2. Anti-Money Laundering Guidelines

The purpose of prescribing Anti-Money Laundering Guidelines is to prevent the system of Authorised Money Changers (AMCs) engaged in the purchase and / or sale of foreign currency notes/Travelers cheques from being used for money laundering. Therefore, Anti-Money Laundering (AML) measures should include

a. Identification of Customer according to "Know Your Customer" norms,

b. Recognition, handling and disclosure of suspicious transactions,

c. Appointment of Money Laundering Reporting Officer (MLRO),

d. Staff Training,

e. Maintenance of records,

f. Audit of transactions.

The following paragraphs contain broad guidelines to enable AMCs to formulate and put in place a proper policy framework for AML measures.

3. Know Your Customer (KYC) – Identification of Customers

All transactions should be undertaken only after proper identification of the customer. Photocopies of proof of identification should invariably be retained by the AMC after verifying the document in original. Full details of name and address as well as the details of the identity document provided should also be kept on record. If a transaction is being undertaken on behalf of another person, identification evidence of all the persons concerned should be obtained and kept on record.

4. Purchase of Foreign Exchange

a) For encashment of foreign currency notes and/or Travelers Cheques upto USD 500 or its equivalent, production of passport need not be insisted upon and any other suitable document of identification like ration card, driving licence etc. can also be accepted.

b) For verification of the identity of customer for encashment in excess of USD 500 or its equivalent, a photo identity document such as passport, driving licence, PAN Card, voter identity card issued by the Election Commission, etc. should be obtained

c) Requests for payment of sale proceeds in cash may be acceded to the extent of USD 1000 or its equivalent per transaction. All encashment within one month may be treated as single transaction for the purpose. In all other cases AMCs should make payment by way of 'Account Payee' cheque / demand draft only.

d) Where the amount of forex tendered for encashment by a non-resident or a person returning from abroad exceeds the limits prescribed for Currency Declaration Form (CDF), the AMC should invariably insist for production of declaration in CDF.

5. In all cases of sale of foreign exchange, irrespective of the amount involved, for identification purpose the passport of the customer should be insisted upon. The sale of forex should be made only on personal application and identification.
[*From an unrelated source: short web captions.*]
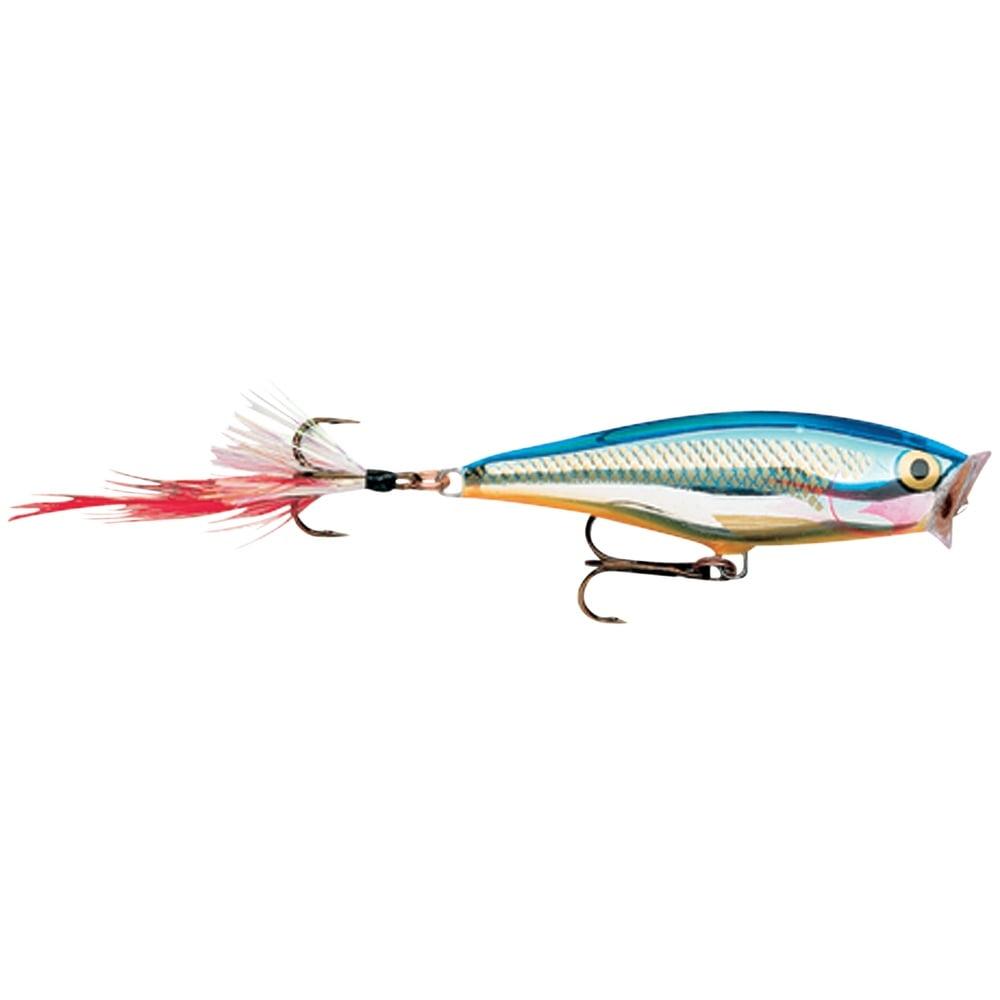 Rapala Skitter Pop 5cm - Silver Blue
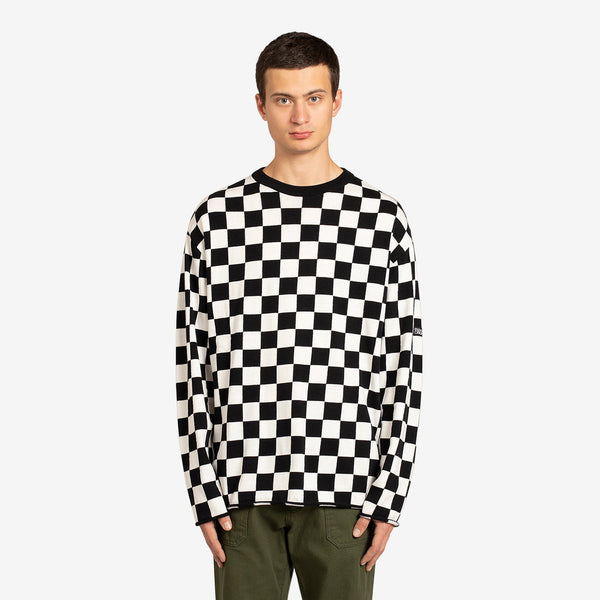 Checkerboard Sweater Black | White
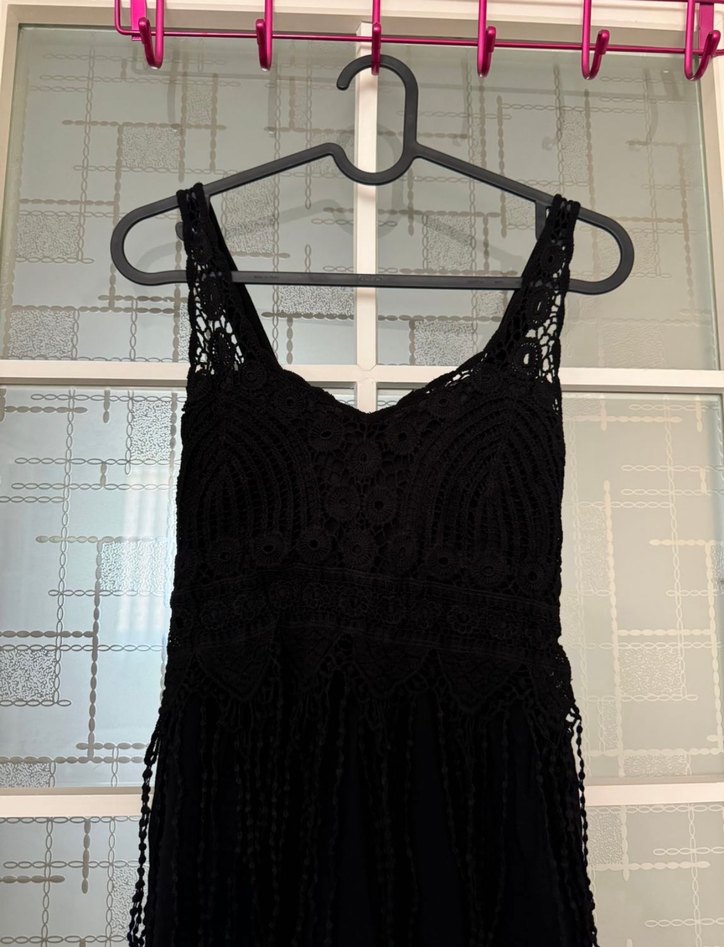 Dantel Siyah Kadın Elbise - Görsel 2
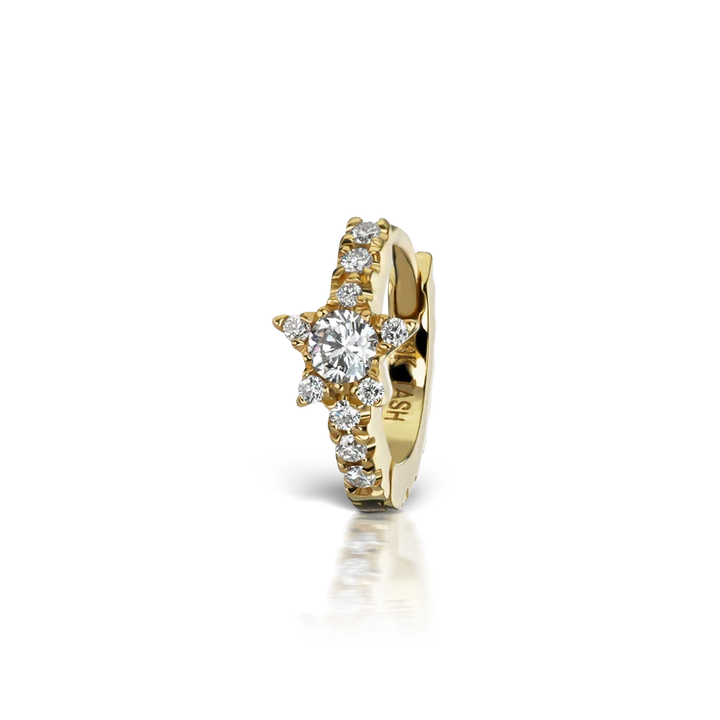 6.5mm Diamond Star Eternity Ring /YG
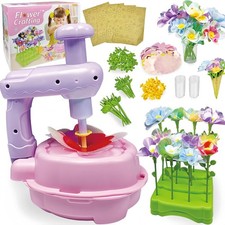 Upgrade Fabric Flower Bouquets Toys, DIY Craft Kits Toys Set for Kids - Flowers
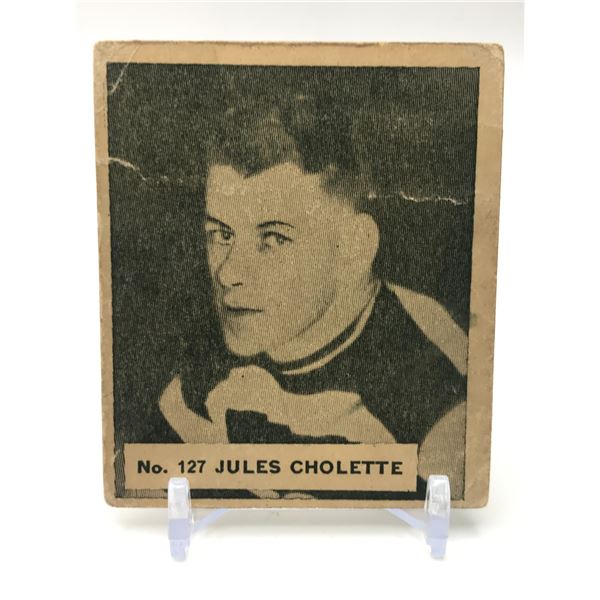 1937 V356 WORLD WIDE GUM NO.127 JULES CHOLETTE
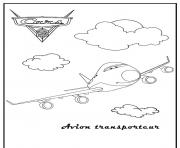 Coloriage avion 96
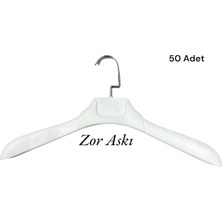 Beyaz  Plastik Askı Ceket Elbise Askısı Kıyafet Askısı Gömlek Askısı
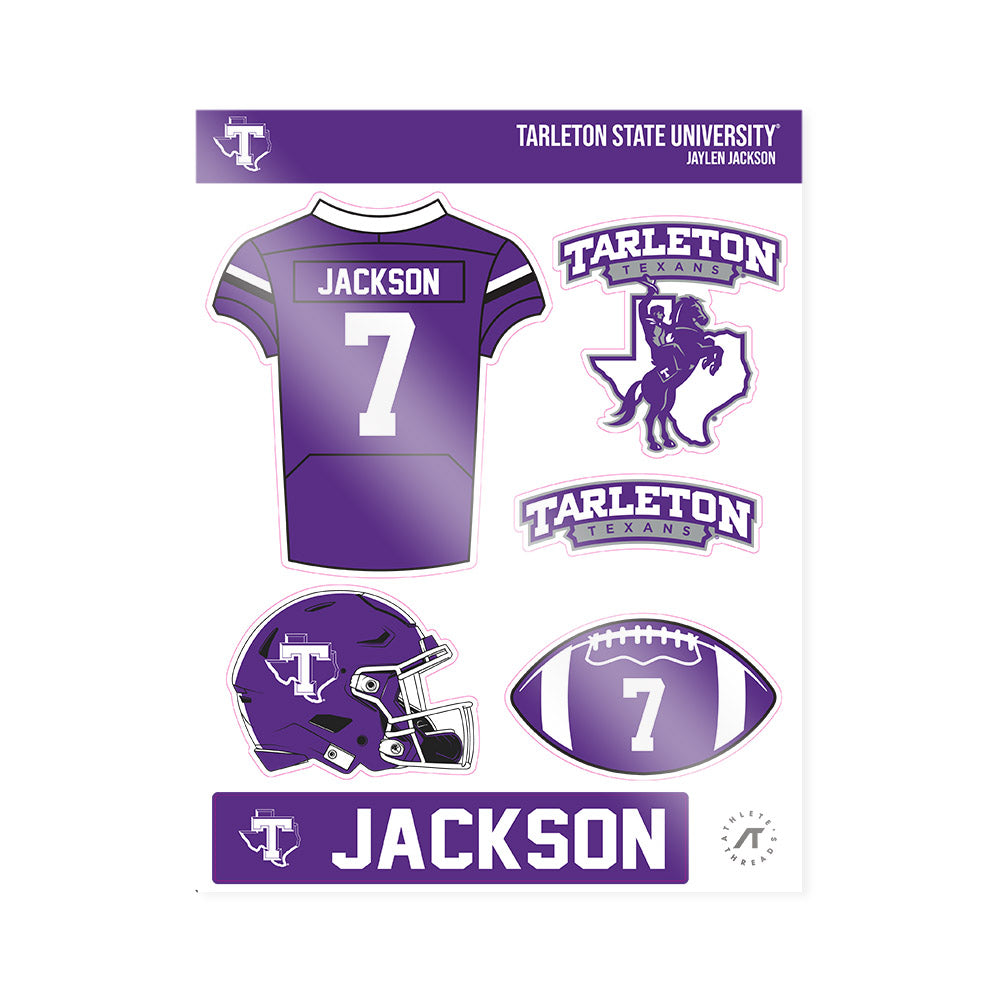 Tarleton State - NCAA Football : Jaylen Jackson - Sticker Sheet-0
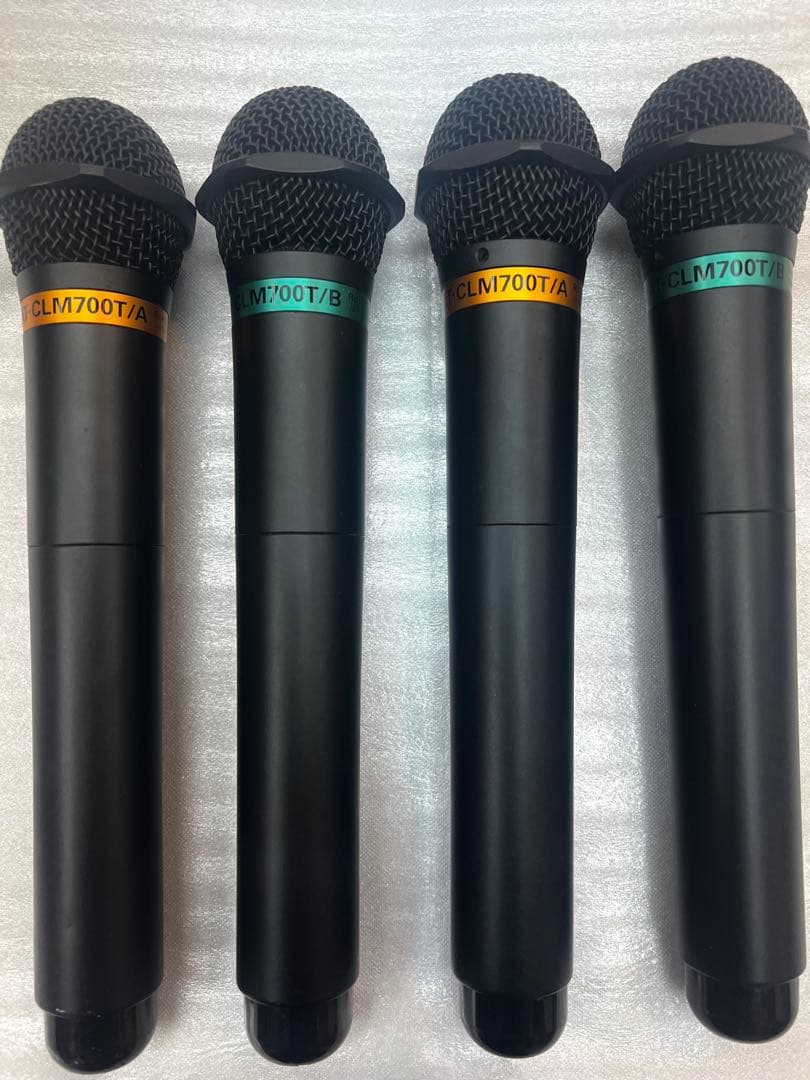 オーディオテクニカ　ワイヤレスマイク　AT-CLM700T/A/B中古品4本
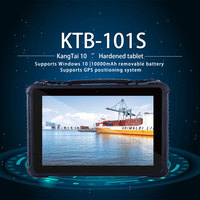 KTB 101S CE usine chinoise tablette d'ordinateur robuste portable industriel windows10 64GB 128GB 10.1 pouces tablette robuste à écran tactile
Payment in excess of Rs. 50,000/- towards sale of foreign exchange should be received only by account payee cheque / demand draft. All purchases by a person within one month may be treated as single transaction for the purpose. Encashment Certificate, wherever required, should also be insisted upon.

6. Establishment of business relationship

Relationship with a business entity like a company / firm should be established only after obtaining and verifying suitable documents in support of name, address and business activity such as certificate of incorporation under the Companies Act, 1956, MOA and AOA, registration certificate of a firm (if registered), partnership deed, etc. A list of employees who would be authorised to transact on behalf of the company/ firm and documents of their identification together with their signatures, should also be called for.

Copies of all documents called for verification should be kept on record.

7. Suspicious Transactions

The AMC must ensure that its staff is vigilant against money laundering transactions at all times. An important part of the AML measures is determining whether a transaction is suspicious or not. A transaction may be of suspicious nature irrespective of the amount involved.

Some possible suspicious activity indicators are given below:

  • Customer is reluctant to provide details/documents on frivolous grounds.

  • The transaction is undertaken by one or more intermediaries to protect the identity of the beneficiary or hide their involvement.

  • Large cash transactions.

  • Size and frequency of transactions is high considering the normal business of the customer.

  • Change in the pattern of business transacted.

The above list is only indicative and not exhaustive.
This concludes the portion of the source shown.